Eideticker: Limitations in cross-browser performance testing

Mar 20th, 2013

Last summer I wrote a bit about using Eideticker to measure the relative performance of Firefox for Android versus other browsers (Chrome, stock, etc.). At the time I was pretty optimistic about Eideticker’s usefulness as a truly “objective” measure of user experience that would give us a more accurate view of how we compared against the competition than traditional benchmarking suites (which more often than not, measure things that a user will never see normally when browsing the web). Since then, there’s been some things that I’ve discovered, as well as some developments in terms of the “state of the art” in mobile browsing that have caused me to reconsider that view — while I haven’t given up entirely on this concept (and I’m still very much convinced of eideticker’s utility as an internal benchmarking tool), there’s definitely some limitations in terms of what we can do that I’m not sure how to overcome.

Essentially, there are currently three different types of Eideticker performance tests:

Animation tests: Measure the smoothness of an animation by comparing frames and seeing how many are different. Currently the only example of this is the canvas “clock” test, but many others are possible.
Startup tests: Measure the amount of time it takes from when the application is launched to when the browser is fully running/available. There are currently two variants of this test in the dashboard, both measure the amount of time taken to fully render Firefox’s home screen (the only difference between the two is whether the browser profile is fully initialized). The dirty profile benchmark probably most closely resembles what a user would usually experience.
Scrolling tests: Measure the amount of undrawn areas when the user is panning a website. Most of the current eideticker tests are of this kind. A good example of this is the taskjs benchmark.

In this blog post, I’m going to focus on startup and scrolling tests. Animation tests are interesting, but they are also generally the sorts of tests that are easiest to measure in synthetic ways (e.g. by putting a frame counter in your javascript code) and have thus far not been a huge focus for Eideticker development.

As it turns out, it’s unfortunately been rather difficult to create truly objective tests which measure the difference between browsers in these two categories. I’ll go over them in order.

Startup tests

There are essentially two types of startup tests: one where you measure the amount of time to get to the browser’s home screen when you explicitly launch the app (e.g. by pressing the Firefox icon in the app chooser), another where you load a web page in a browser from another app (e.g. by clicking on a link in the Twitter application).

The first is actually fairly easy to test across browsers, although we are not currently. There’s not really a good reason for that, it was just an oversight, so I filed bug 852744 to add something like this.

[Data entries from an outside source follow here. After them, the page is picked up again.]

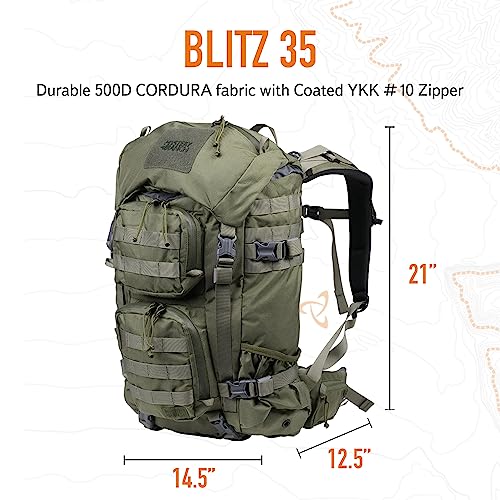 [ミステリーランチ] BLITZ 35 ブリッツ リュック 36L FOREST 中間 画像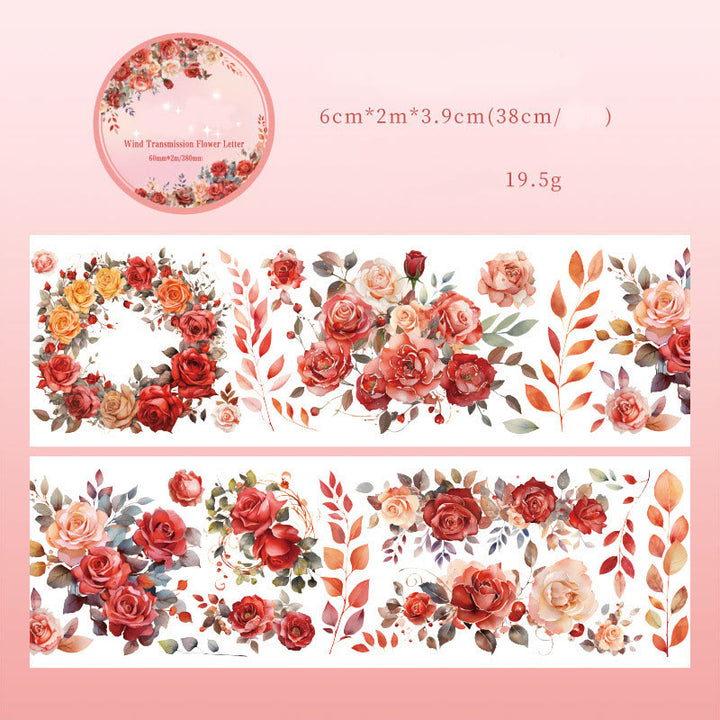 Wind Of Flowers Series Washi Tape Decorative Scrapbook Tape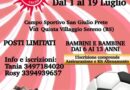 Villaggio Sereno: arriva il Footbal Summer Camp Sereno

The second case (startup to the browser’s homescreen) is a bit more difficult. The problem here is that, in a nutshell, an apples to apples comparison is very difficult if not impossible simply because different browsers do different things when the user presses the application icon. Here’s what we see with Firefox:

And here’s what we see with Chrome:

And here’s what we see with the stock browser:

As you can see Chrome and the stock browser are totally different: they try to “restore” the browser back to its state from the last time (in Chrome’s case, I was last visiting taskjs.org, in Stock’s case, I was just on the homepage).

Personally I prefer Firefox’s behaviour (generally I want to browse somewhere new when I press the icon on my phone), but that’s really beside the point. It’s possible to hack around what chrome is doing by restoring the profile between sessions to some sort of clean “new tab” state, but at that point you’re not really reproducing a realistic user scenario. Sure, we can draw a comparison, but how valid is it really? It seems to me that the comparison is mostly only useful in a very broad “how quickly does the user see something useful” sense.

Panning tests

I had quite a bit of hope for these initially. They seemed like a place where Eideticker could do something that conventional benchmarking suites couldn’t, as things like panning a web page are not presently possible to do in JavaScript. The main measure I tried to compare against was something called “checkerboarding”, which essentially represents the amount of time that the user waits for the page to redraw when panning around.

At the time that I wrote these tests, most browsers displayed regions that were not yet drawn while panning using the page background. We figured that it would thus be possible to detect regions of the page which were not yet drawn by looking for the background color while initiating a panning action. I thus hacked up existing web pages to have a magenta background, then wrote some image analysis code to detect regions that were that color (under the assumption that magenta is only rarely seen in webpages). It worked pretty well.

The world’s moved on a bit since I wrote that: modern browsers like Chrome and Firefox use something like progressive drawing to display a lower resolution “tile” where possible in this case, so the user at least sees something resembling the actual page while panning on a slower device. To see what I mean, try visiting a slow-to-render site like taskjs.org and try panning down quickly. You should see something like this (click to expand):

Unfortunately, while this is certainly a better user experience, it is not so easy to detect and measure. For Firefox, we’ve disabled this behaviour so that we see the old checkerboard pattern. This is useful for our internal measurements (we can see both if our drawing code as well as our heuristics about when to draw are getting better or worse over time) but it only works for us.

If anyone has any suggestions on what to do here, let me know as I’m a bit stuck. There are other metrics we could still compare against (i.e. how smooth is the panning animation aka frames per second?) but these aren’t nearly as interesting.